Treasury beefs up plan to get South Africa off the grey list

National Treasury has opened new draft regulations in a bid to prevent money laundering and the financing of terrorism as the nation tries to get off the Financial Action Task Force’s (FATF’s) greylist.
In February, South Africa was put on the greylist by the FATF for failing to implement effective measures to counteract money laundering and the financing of terrorism.
Despite varying opinions on the severity of the greylisting, the South African Reserve Bank said that it could severely impact the country’s financial system by causing capital and currency outflows and increasing costs for banks.
South Africa has thus introduced several pieces of legislation to get off the greylist, with the National Treasury now opening the Money Laundering and Terrorist Financing Control Regulations for public comment as per the Financial Intelligence Centre Act.
These regulations lay out the requirements for the sharing of information between accountable institutions.
“Those involved in money laundering and other financial crimes usually do not just target one business.
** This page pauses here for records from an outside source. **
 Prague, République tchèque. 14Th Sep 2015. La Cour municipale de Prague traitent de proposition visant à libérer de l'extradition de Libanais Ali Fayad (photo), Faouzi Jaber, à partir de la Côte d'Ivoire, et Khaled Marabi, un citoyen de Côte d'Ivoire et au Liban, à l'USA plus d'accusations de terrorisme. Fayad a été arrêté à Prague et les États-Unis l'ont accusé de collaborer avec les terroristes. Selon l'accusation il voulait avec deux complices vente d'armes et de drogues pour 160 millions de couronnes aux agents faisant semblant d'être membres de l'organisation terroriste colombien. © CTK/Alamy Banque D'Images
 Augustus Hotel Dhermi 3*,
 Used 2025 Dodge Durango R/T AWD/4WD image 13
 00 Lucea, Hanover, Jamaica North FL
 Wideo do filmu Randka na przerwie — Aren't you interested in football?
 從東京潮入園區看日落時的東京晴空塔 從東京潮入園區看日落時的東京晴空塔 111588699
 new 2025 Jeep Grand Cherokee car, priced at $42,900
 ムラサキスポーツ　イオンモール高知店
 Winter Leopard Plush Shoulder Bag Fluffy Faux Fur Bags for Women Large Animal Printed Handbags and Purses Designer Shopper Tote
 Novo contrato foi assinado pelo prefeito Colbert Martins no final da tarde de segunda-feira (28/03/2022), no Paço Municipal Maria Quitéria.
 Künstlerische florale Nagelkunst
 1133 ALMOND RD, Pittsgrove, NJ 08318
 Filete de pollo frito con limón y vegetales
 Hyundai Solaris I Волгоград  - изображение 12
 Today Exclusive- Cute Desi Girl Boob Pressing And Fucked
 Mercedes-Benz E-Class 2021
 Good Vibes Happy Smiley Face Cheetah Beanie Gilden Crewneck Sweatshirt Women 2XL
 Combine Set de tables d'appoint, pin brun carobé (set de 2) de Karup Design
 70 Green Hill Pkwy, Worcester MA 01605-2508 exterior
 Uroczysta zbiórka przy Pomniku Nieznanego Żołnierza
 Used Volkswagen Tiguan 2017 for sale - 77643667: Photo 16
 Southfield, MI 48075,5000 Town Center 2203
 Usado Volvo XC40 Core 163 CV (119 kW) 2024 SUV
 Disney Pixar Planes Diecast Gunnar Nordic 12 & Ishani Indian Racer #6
Frequently they deliberately open and maintain many accounts at different institutions,” the regulations state.
“Without information sharing, it is difficult for accountable institutions to recognise whether transactions are part of an economic crime because institutions cannot connect their customers’ transactions within the overall pattern of transactions at other institutions to know if any suspicious activity is occurring.”
“Therefore, the ability to share information is critical to identifying, reporting, and preventing financial crime.”
The Financial Intelligence Centre (FIC) hopes that the improvements in information sharing will help accountable institutions see the full picture when they report unusual transactions to the regulator.
That said, the sharing of customer identities and transaction information between these institutions may lead to privacy concerns.
However, the regulations state that accounting institutions could use advancements in technology, such as encryption, to ensure that personal data is protected when it is shared between organisations.
In addition, when accountable institutions enter into an information-sharing agreement, they must agree on the scope of the information that is shared whilst also ensuring the reliability of the information that they are sending.
“The FIC Act does not require that accountable institutions obtain the FIC’s permission to share customer information with each other,” the draft regulations state.
“However, given the sensitivity of the information that is likely to be shared between accountable institutions when one or more of them is contemplating the reporting of a suspicion to the FIC, and the impact that such a sharing of information may have on the FIC’s operations, it is important that the FIC be made aware of any initiative between accountable institutions to share information in this context.”
Public comments on the new Draft Regulations must be submitted by Sunday, 29 October to [email protected].